On September 25, 2018, my mother took a brief break from cooking dinner to sit outside on the back steps, something she did regularly to get fresh air and listen to the birds. We don’t know how it happened, but she fell and hit her head on the concrete driveway. For the first five days in Trauma, she opened her eyes and responded to commands. She knew who we were and she responded to us, but on the 11th day, she left us for eternity. My brother, my father, and I were with her as she slipped away.
As we have traveled the road of shock and grief, I have had plenty of time to think of my mother’s legacy. I have uncovered thousands of scraps of paper with handwritten quotes she copied from books, bulletins, sermons, poems. I have learned that her life was not as easy as she made it look, and this brings me to the most enduring legacy she leaves.
The scraps of paper I found have a common theme – suffering in silence. They tell of a woman who struggled with many things but who found her hope in the words of promise, encouragement, and prayer that she found everywhere she looked. She never complained, and her mantra was frequently “This, too, shall pass.”

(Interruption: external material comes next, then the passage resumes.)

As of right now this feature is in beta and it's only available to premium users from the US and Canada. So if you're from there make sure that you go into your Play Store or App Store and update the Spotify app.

My mother had what she called a “notecard ministry.” She was known for her kind and loving notes to everyone from close friends to people she felt deserved notice. I discovered that she wrote these notes in draft form first, then copied them onto note stationery. The last one she wrote was still in draft, addressed to a woman in her doctor’s office who had “so kindly helped me and spoke with gentleness when I asked questions.” These notes lifted the people who received them, but I have realized they lifted my mother more.

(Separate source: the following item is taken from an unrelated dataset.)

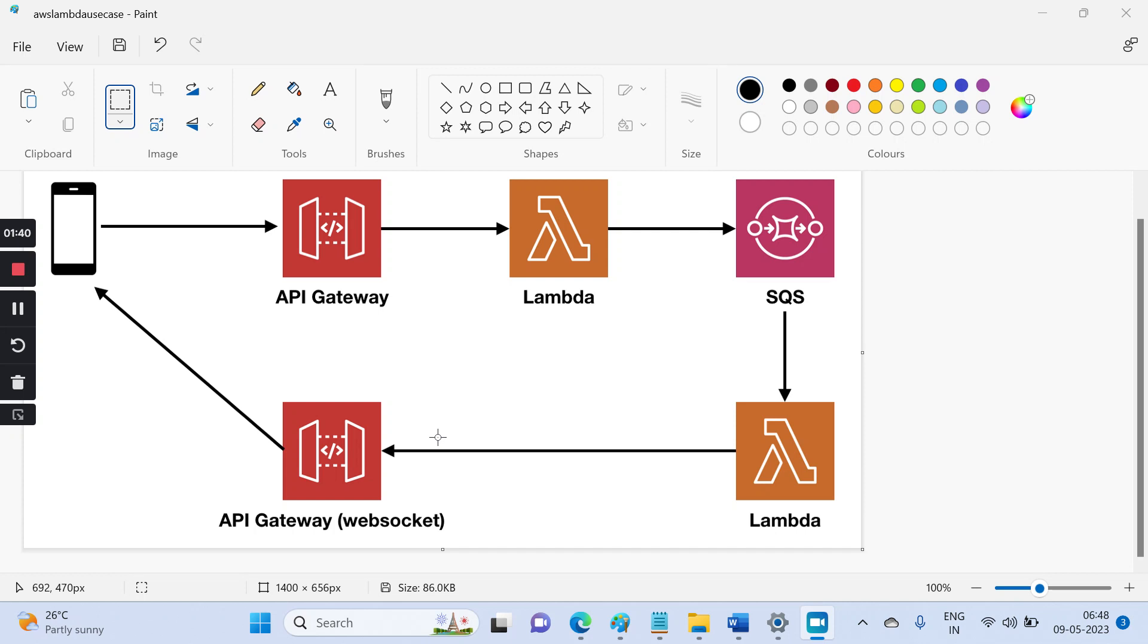Because for just starting an EC2 instance and data transfer, you'll be charged. If I only use it for sometimes or for some specific duration and I don't want to manage that service, in that case I will go for a Lambda function.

Suffering can lead one to isolation and bitterness, yet my mother did not share her own frustrations of aches and pains and despair. Instead, she lifted others, and in so doing, lifted herself. This is her legacy. Lifting others and taking time to notice and thank them can take us out of our own suffering and into a place of peace.
In my mother’s memory, would you join me in writing a hand-written note once a month to someone who deserves notice and gratitude? The purpose is not to send a copy to the recipient’s supervisor for a pat on the back; it is to simply say, “I see you. You are doing good things, and I am grateful.” Here is the first.
You lived a life of sacrifice for me, and I am grateful. From the times you said you “loved the chicken neck” so that we could have the best pieces of fried chicken to the times you updated your older clothes so I could have the newest style, I am grateful. For every time on your travels you went in a gift shop and bought something not for you, but for me, I am grateful. All of my prettiest things came from those trips. There are so many more times you sacrificed and gave to me, and I know that most of them I will never know. What I do know is that you were deeply loved by so many, and I count myself tremendously blessed to have had you for 63 years. I wish you could see me become a grandmother and spoil your great-grandchild, but I know how to do it because you were the perfect grandmother to my children. I promise to follow your model and carry on your legacy. You will never leave my heart, and I will always be your little girl.
Love you forever,
If you take my challenge and join me in writing one note a month, would you post a comment and tell me about it? My mother would love it so much. Her name was Ruth.